Back in 2000, I found myself assigned to be the performance lead of the Visual Basic team, and my first assigned goal was to drive the performance marks of the (then) forthcoming Visual Basic .NET to be in line with the numbers for Visual Basic 6.0.  The primary focus was on the VB runtime APIs at first.  That was a relatively simple task; APIs are nicely discrete bits of code, easy to measure and easy to evaluate and so, within a couple of months, I’d worked with the team to get the APIs at parity (or better).   “Ah,” said I, “this performance work is so simple that I wonder why everyone is challenged by it.  I must have a special gift for performance or something!”

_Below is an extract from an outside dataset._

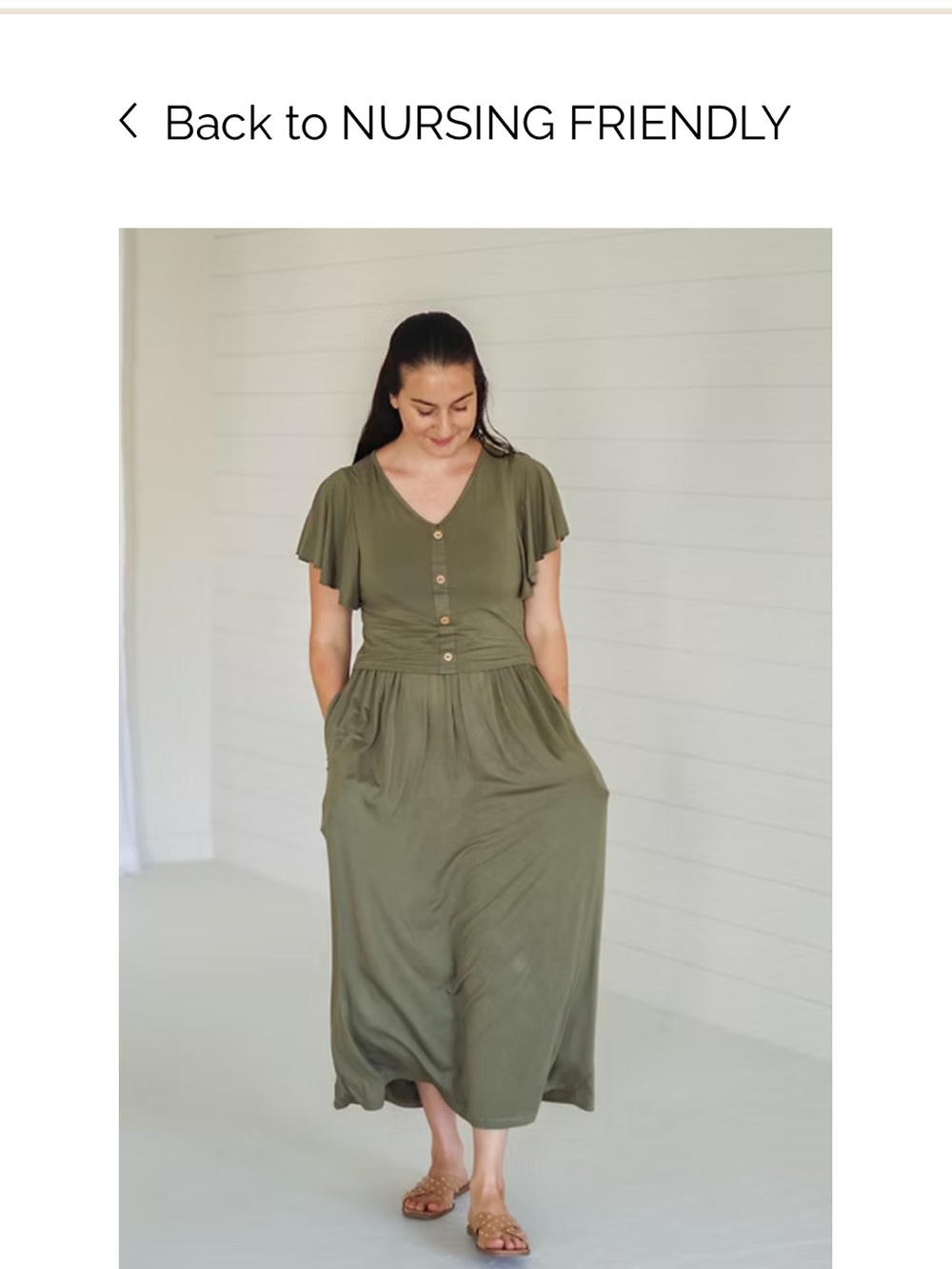 Olive Green V-Neck Button Front Midi Dress—Nursing friendly.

This peculiar form of self-delusion lasted about a week, until the next challenge arose, which involved improving the shutdown speed of Visual Basic .NET itself, which was taking over a minute for large solutions.  That functionality was not in code that was nicely constrained like APIs, and so it took me a long time (probably longer than it should have, in retrospect) to realize that the process was blocking on background compilation even when shutting down, instead of just abandoning the compilation altogether.  And, having fixed that, I then moved on to tuning F5 build times, which involved several threads all needing to get their tasks done quickly and yet in a semi-serial fashion.  None of them were operating incorrectly with respect to themselves; it was the combination of them that were causing slowdowns.  That took days and days of investigation (and a lot of collaboration among several teams) to lock down.  In that investigation, I encountered the blunt truths about performance:  there is no perfect solution to a general performance problem, and also that you are never truly done tuning your product, because other dependent code can and will change around you. 

Which brings us to 2014…

Now, in the intervening 14 years, the tools to evaluate performance have of course become more powerful, and we can find and address issues far faster than in days of yore, when code inspection & stopwatch timing was roughly 75% of the job.  At the same time, however, the applications themselves have become so complex (either internally or with respect to the environment in which they run) that solving problems after the fact still creates a big challenge.  In fact, it’s become even more imperative to design for performance up front, because there are more ways than ever to get whammied.  During my recent stint in XBOX, for example, my team over there worked hard to generate performant code for the back end of SmartGlass, only to discover near the end that we hadn’t accounted for the inherent latency of using SSL between us and the data store – it was not a code issue per se, but a limitation of the environment that we hadn’t properly designed for.  (Fortunately, our design was modular enough that we were able to put in some caching at relatively low cost to the project and still meet our performance goals on schedule!)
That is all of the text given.